Puis, parvenu au faîte de cet antre noir, je voyais s’ouvrir devant moi une immense terre morne et livide, voilée de brumes délétères, hantée par des vents rauques qui emportent dans la poussière brûlée l’ombre des derniers souvenirs. C’est ici, au seuil de ce séjour de silence et de mort, que me revint une dernière fois la phrase de Dante : « Al di là di questa porta, lasciate ogni speranza ! ».
Pendant de longs mois ces visions funestes s’emparèrent de mon être, un souffle d’effroi me saisit comme les sombres tentacules d’une maladie.
Ce cauchemar ne se contenta plus d’accaparer mes nuits, il étendit peu à peu son emprise sur le cycle entier de mes jours. Mon pauvre corps fatigué, abandonné lentement de ses forces, se vidant continuellement de ses larmes, s’étiola, dégénéra pour ainsi dire jusqu’à cet état de spectre décharné, aux formes frêles et anguleuses, aux yeux cernés et brûlés, comme un de ces lamentables damnés des cercles de l’Enfer. Mon esprit, quant à lui, subit un sort comparable à celui de mon corps. Etouffé, prostré sous un lourd crêpe de deuil, il sombra dans la stupeur et l’hébétement. Je lâchai pied à plusieurs reprises, brisé de tristesse, privé de raison et de courage. J’avais perdu foi en ma propre existence.

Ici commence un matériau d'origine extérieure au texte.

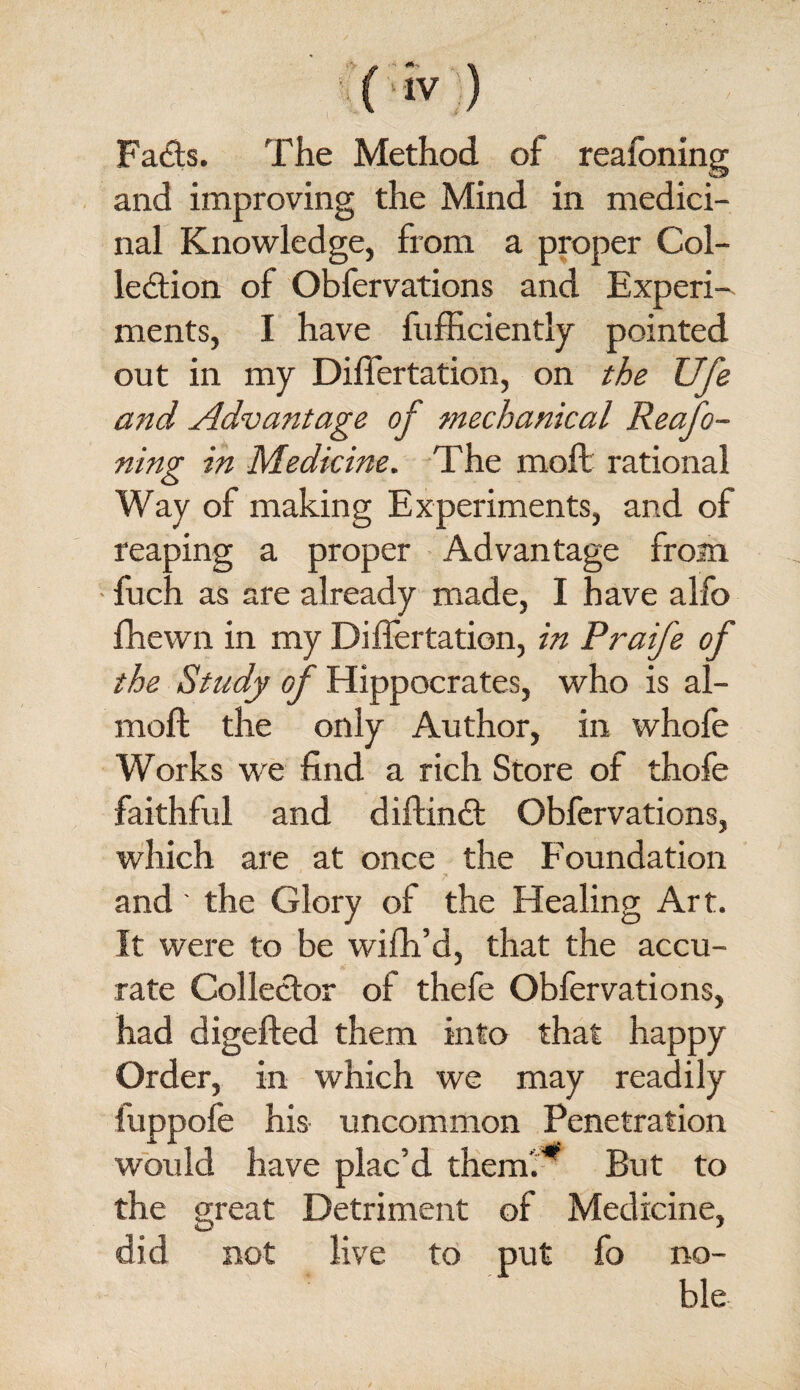 Fads. The Method of reafoning and improving the Mind in medici¬ nal Knowledge, from a proper Col- ledion of Obfervations and Experi^ ments, I have fufficiently pointed out in my Differtation, on the Ufi and Advantage of mechanical Reafo¬ ning in Medicine. The moll rational Way of making Experiments, and of reaping a proper • Advantage from • fuch as are already made, I have alfo fhewn in my Differtation, in Praife of the Study of Hippocrates, who is al- moft the only Author, in whole Works we find a rich Store of thofe faithful and diftind Obfervations, which are at once the Foundation and ' the Glory of the Healing Art. It were to be wifh’d, that the accu¬ rate Colledor of thefe Obfervations, had digefted them into that happy Order, in which we may readily fuppofe his uncommon Penetration would have plac’d them'!- But to the great Detriment of Medicine, did not live to put fo no¬ ble- I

Le présent en effet m’était devenu odieux, l’avenir sombre et effrayant ne se présentait plus à mon regard que comme une pente irréversible vers la déchéance et la ruine de toute espérance.
Le passé, quant à lui, devait rester ce qu’il a toujours été pour moi, d’ineffables aspirations au romanesque, cette quête chevaleresque de la vertu et de l’honneur, piétinées, humiliées par l’indigence implacable des jours, par ce que Louis XIV lui-même désignait par « La malice des méchants et des impies ».
Qu’en est-il aujourd’hui de ces ardeurs vertueuses à la Félicité ?
Hélas, je me suis aperçu soudain que la vie est à l’image de cette créature entrevue dans mon rêve, riante et généreuse avec les têtes légères de son âge, mais déjà si dédaigneuse et indifférente à mes élans respectueux de vénération et de tendresse.
Je pris douloureusement conscience que je n’avais plus le droit de La désirer, qu’un modeste regard levé sur sa personne était à lui seul une suprême inconvenance et l’objet de toutes les railleries, que mon existence, tout comme mon néant au monde, n’avaient plus la moindre valeur à ses yeux.
Ce bonheur de la vie en fleurs qui me tendait les bras lorsque j’avais vingt ans, je n’ai pas osé le saisir alors, entravé que j’étais par mes excès de réserve et d’exigence envers moi-même et les autres.
Hélas, le Temps a passé comme coule une fontaine. Et tel Baudelaire avec sa mystérieuse inconnue, j’ai laissé moi aussi filer la vie et les sourires de la Jeune Fille en Fleurs.
Malherbe, notre maître à tous en poésie, n’exprimait-il pas le même regret :
« Tout le plaisir des jours est en leurs matinées,
La nuit est déjà proche à qui passe midi ».
Voyant à mon tour grandir à l’horizon la sombre silhouette des montagnes du soir, il ne me restera bientôt plus, comme l’héroïne de Corneille qu’à « chercher le silence et la nuit pour pleurer ».